A trajetória política da ex-premiê é uma história de tragédia, exílio e poder, intrinsecamente ligada à história de seu próprio país.
Sob sua liderança, Bangladesh entrou em uma era de significativo desenvolvimento econômico, embora também marcada por acusações de corrupção, retrocesso democrático, autoritarismo e violações dos direitos humanos.
Uma vida na política
Filha mais velha de Sheikh Mujibur Rahman, pai fundador de Bangladesh, ela foi lançada na política ainda jovem, ao testemunhar a luta pela autonomia da região de Bengala em relação ao Paquistão.

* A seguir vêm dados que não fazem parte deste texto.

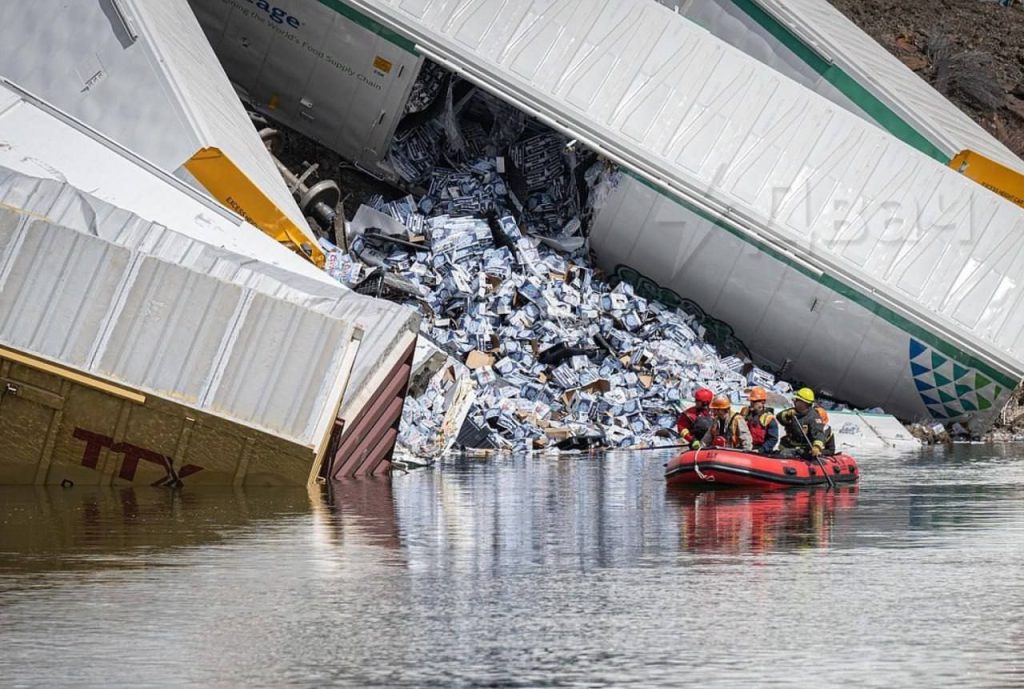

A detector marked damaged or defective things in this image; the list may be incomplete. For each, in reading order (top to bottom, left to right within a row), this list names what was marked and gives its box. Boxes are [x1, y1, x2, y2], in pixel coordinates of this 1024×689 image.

damaged trailer [0, 83, 420, 486]
damaged trailer [194, 0, 1024, 430]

Após um golpe militar em 1975, no qual seu pai, sua mãe e três irmãos foram assassinados, Hasina e sua irmã foram forçadas ao exílio.

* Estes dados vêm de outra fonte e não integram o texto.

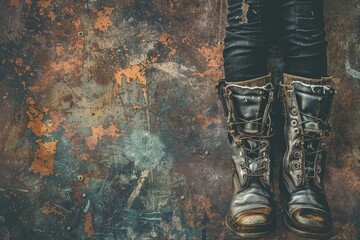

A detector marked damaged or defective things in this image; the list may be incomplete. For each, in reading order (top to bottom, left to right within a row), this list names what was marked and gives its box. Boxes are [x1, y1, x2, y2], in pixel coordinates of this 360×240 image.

orange rust patch [94, 6, 114, 32]
orange rust patch [195, 45, 224, 81]
orange rust patch [195, 113, 221, 129]
orange rust patch [86, 122, 121, 150]
orange rust patch [29, 140, 58, 177]
orange rust patch [41, 202, 66, 222]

Ela retornou a Bangladesh em 1981 para liderar a Liga Awami de seu pai e, após anos de oposição política, tornou-se primeira-ministra pela primeira vez quando o partido venceu as eleições de 1996.
Hasina cumpriu um mandato e, posteriormente, retornou ao poder em 2008, governando Bangladesh com a Liga Awami até o ano passado.

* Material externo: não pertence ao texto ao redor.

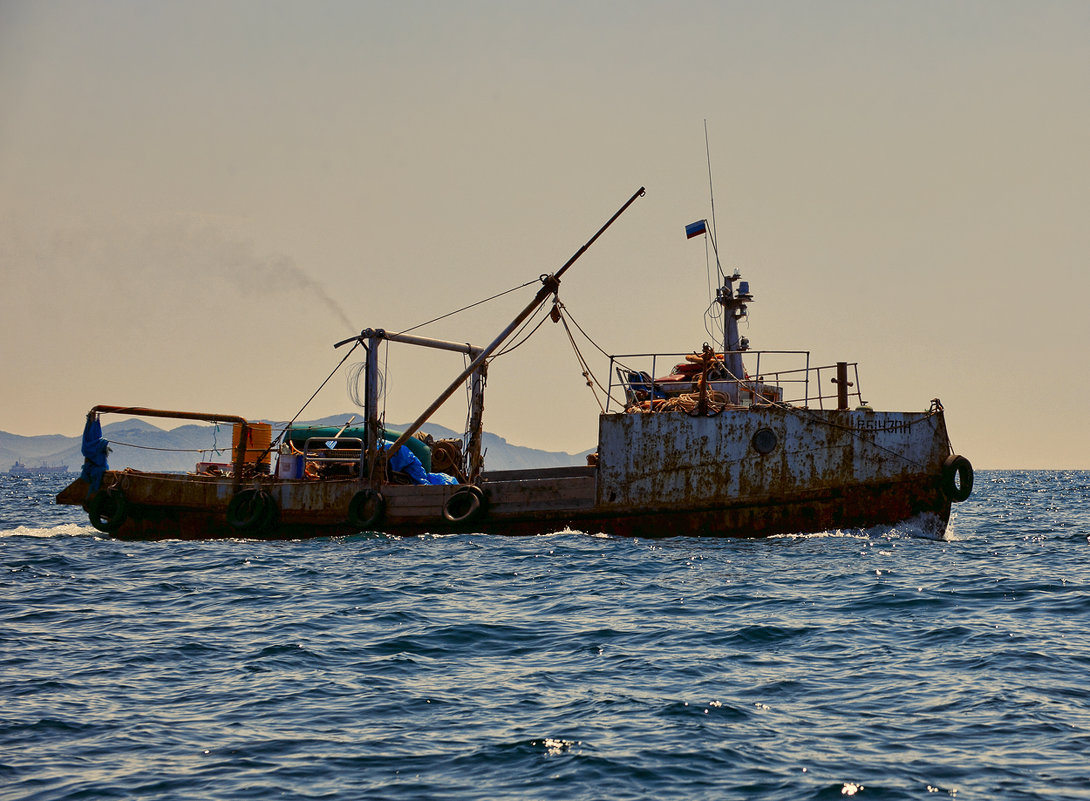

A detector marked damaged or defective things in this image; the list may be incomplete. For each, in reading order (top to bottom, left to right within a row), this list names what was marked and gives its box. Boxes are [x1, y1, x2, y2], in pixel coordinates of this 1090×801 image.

O governo do país apresentou forte crescimento econômico, mas organizações de direitos humanos alertaram que ela e sua administração estavam caminhando para um sistema de partido único.
Críticos expressaram preocupação com o aumento de relatos de violência política, intimidação de eleitores e assédio à mídia e a figuras da oposição.
Durante seu mandato, grupos de direitos humanos afirmam que o governo usou sua lei de segurança cibernética para reprimir a liberdade de expressão online, prendendo jornalistas, artistas e ativistas, com relatos de detenções arbitrárias e tortura.

Mas Hasina havia conseguido resistir a muitos protestos anteriores contra seu governo, que eclodiram principalmente durante as eleições.
Isso mudou no ano passado, com a bem-sucedida revolução liderada pela Geração Z, que derrubou seu poder.
Muitos membros de sua família, juntamente com importantes líderes do partido e ex-ministros de seu governo, também residem fora de Bangladesh.
Os apoiadores de Hasina rejeitam o processo judicial, alegando motivação política e uma tentativa de afastá-la da política.
O partido Liga Awami está proibido de exercer atividades políticas enquanto os julgamentos contra a ex-premiê e líderes do partido continuam.
Por outro lado, o governo interino liderado pelo ganhador do Prêmio Nobel, Muhammad Yunus, afirma que esses julgamentos são um passo essencial para restaurar a responsabilização e reconstruir a confiança pública nas instituições democráticas do país.